Yeah but we never were able to get it over. The right-wing talk show guys would always promote it to their listeners that somebody from the city would come out to the suburbs and steal their TV set.
Why was there so much resistance?
I think the Republicans from the suburbs around Milwaukee found light rail to be an issue that excited their base at election time, so they ended up running against it. It’s unfortunate because it’s worked so well in Minneapolis and other Midwestern cities that have done it.
Yeah, why wouldn’t suburbanites support a rail line that would help them get to their jobs downtown?
Well, if you don’t experience it you can be led into the realm of fear, or it can be characterized as a boondoggle. In Chicago it’s hard to understand that because there’s so much rail transit, between CTA and Metra. Metra is the second-largest commuter rail system in the country, after New York’s. So the suburban population of the Chicago area and Republican legislators in the Chicago area tend not to be blatantly anti-transit. But in a place like Milwaukee or Kansas City or Cincinnati there’s a lot of fear mongering that goes on, and trashing transit is a natural for radio talk shows because their audience is largely riding around in cars.
You were involved in promoting the development of the Milwaukee riverfront as well. It seems like Milwaukee has a more vibrant riverfront than Chicago, with a higher number of successful businesses like riverfront cafes.
I don’t know if I agree. Maybe Milwaukee has a disproportionately high number of riverfront restaurants for the size of the city, but Chicago is so big that if you actually counted the number of restaurants along the Chicago River, like Smith and Wollensky steakhouse, there might actually be more here.
O’Brien’s Riverwalk Cafe, 1 E Wacker, Chicago – photo by baldwinm16
What do you think Chicago does well in terms of its transportation networks and street design?

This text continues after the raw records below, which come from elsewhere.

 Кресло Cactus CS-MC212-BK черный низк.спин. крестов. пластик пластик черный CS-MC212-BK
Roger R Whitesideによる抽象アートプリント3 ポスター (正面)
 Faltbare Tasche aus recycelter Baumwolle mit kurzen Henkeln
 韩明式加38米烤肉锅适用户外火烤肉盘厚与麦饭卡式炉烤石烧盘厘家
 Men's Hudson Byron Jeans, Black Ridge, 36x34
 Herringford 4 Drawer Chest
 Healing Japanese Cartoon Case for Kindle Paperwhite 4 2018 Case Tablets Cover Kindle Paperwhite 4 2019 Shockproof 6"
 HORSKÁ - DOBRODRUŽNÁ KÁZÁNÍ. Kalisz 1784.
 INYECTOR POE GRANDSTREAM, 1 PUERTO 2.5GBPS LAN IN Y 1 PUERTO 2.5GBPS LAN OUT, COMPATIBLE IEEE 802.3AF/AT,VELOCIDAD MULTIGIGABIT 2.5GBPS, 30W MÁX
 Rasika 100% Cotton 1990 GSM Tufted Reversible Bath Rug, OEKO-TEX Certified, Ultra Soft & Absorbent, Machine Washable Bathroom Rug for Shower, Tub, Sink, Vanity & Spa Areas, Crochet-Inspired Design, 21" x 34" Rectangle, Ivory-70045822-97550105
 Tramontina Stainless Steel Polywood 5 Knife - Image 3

I think the most important thing happened in the 1950s in the aftermath of World War II, when vast transit systems were being ripped out across the country. Detroit had 300 miles of streetcar and commuter train tracks at the end of the war. Milwaukee had 350 miles of streetcar tracks and 198 miles of interurban tracks, similar to Chicago’s South Shore Line [to South Bend, IN]. St. Louis, Cincinnati, they all had vast systems. Except for Pittsburgh and Cleveland and Chicago all the rail systems were removed in the Midwest.

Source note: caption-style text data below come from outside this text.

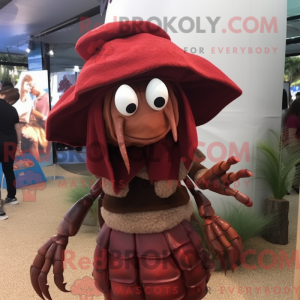 Maroon Hermit Crab mascot...
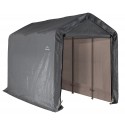 ShelterLogic 6×12×8 Peak Style Storage Shed - Grey (70413)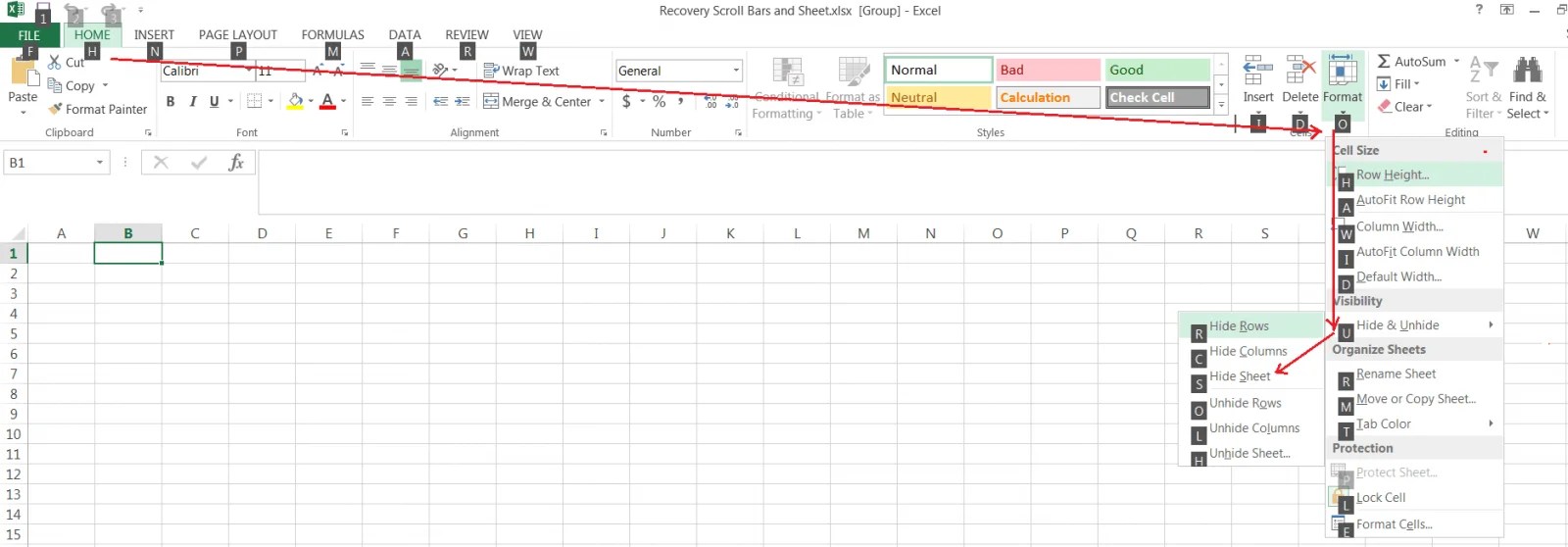 09 Secrets Must Know About Excel Tab and Scroll Bar? KING OF EXCEL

The best thing Chicago did was not tearing out its system. They did tear out parts of it. If you look at an old map of the CTA there were a few extensions of current routes. For example there was one route that went to Back of the Yards that was removed. But by and large it’s still intact and the Metra system, which was vast at the end of World War II, is still vast, although a few lines are missing. And the CTA has added some lines that didn’t exist at all, like the Orange Line and the extension of the Blue Line out to O’Hare.

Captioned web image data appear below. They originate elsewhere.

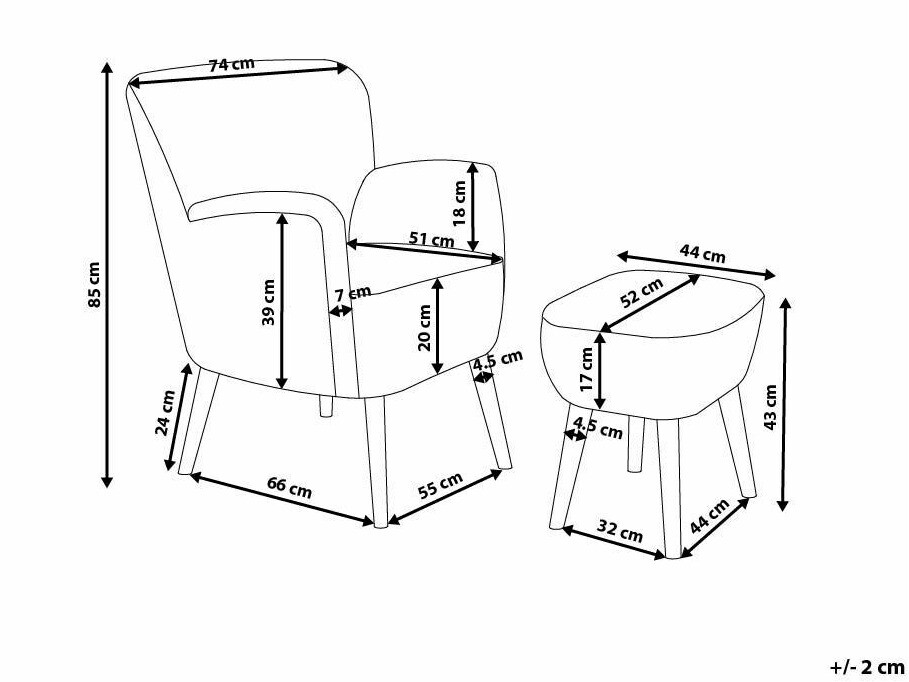 Krēsls Berwyn 2133 (Balts)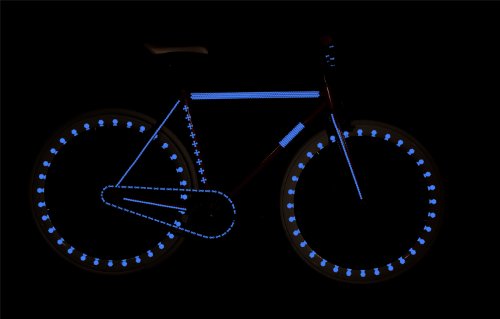 RydeSafe Reflective Decals - Hexagon Kit - Small (Blue)
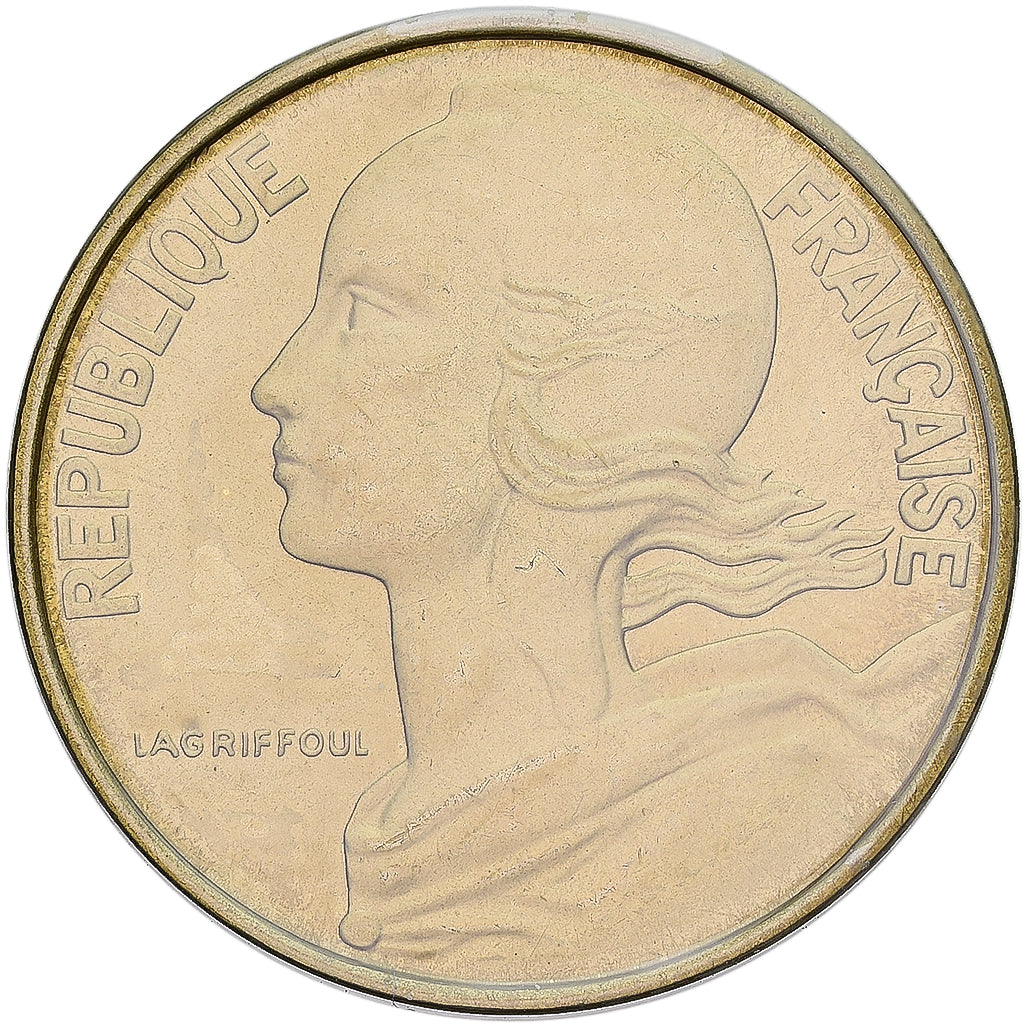 Coin, France, Marianne, 10 Centimes, 1975, Paris, FDC, MS(65-70)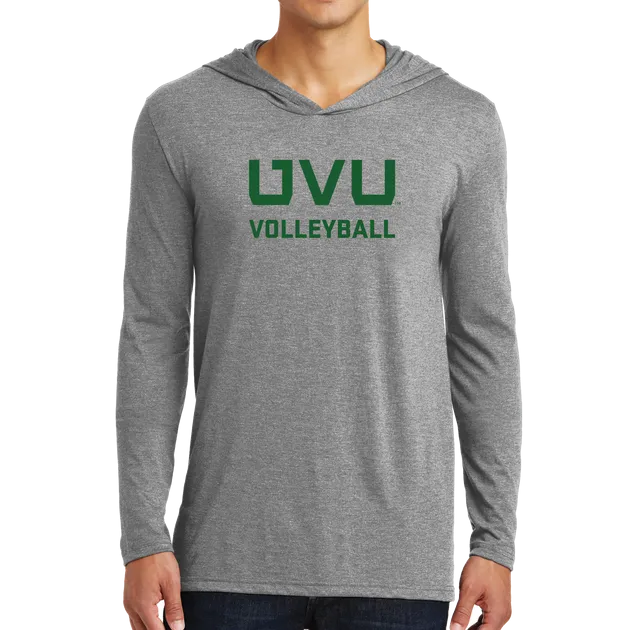 District Perfect Tri Long Sleeve Hoodie- UVU Volleyball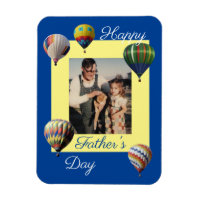 Blue Yellow Father's Day Hot Air Balloons Photo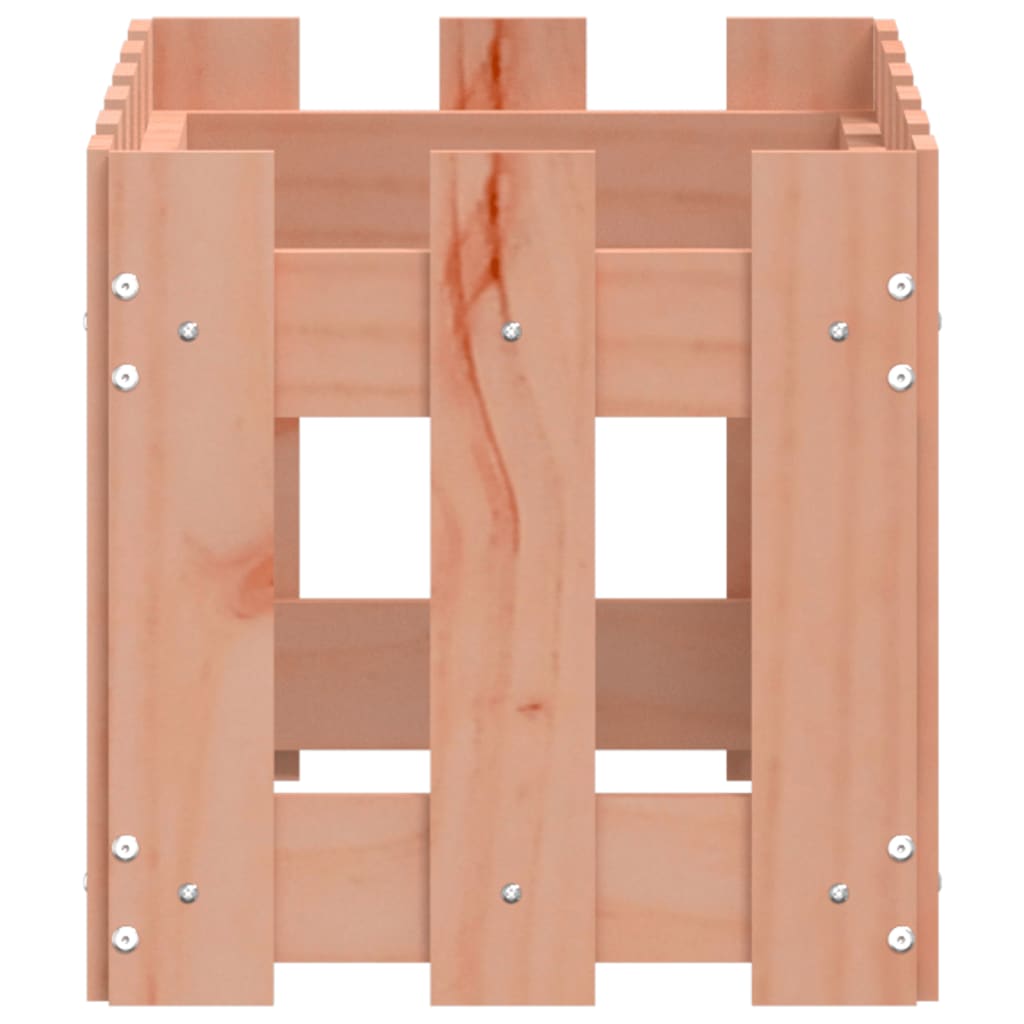 vidaXL Garden Planter with Fence Design 60x30x30 cm Solid Wood Douglas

1921 CTA El map showing additional lines to Back of the Yards and Humboldt Park
So that really saved Chicago. This city went through a similar decline as other big American cities in the postwar period, just because everybody was going for that suburban dream. But when people finally started to revisit that and think maybe the city isn’t so bad, Chicago was ready because it had its transit and it rebounded. The first skyscraper built in Chicago after the war was the Inland Steel Building [30 W Monroe, completed in 1957], and now it’s one of the oldest high-rises downtown.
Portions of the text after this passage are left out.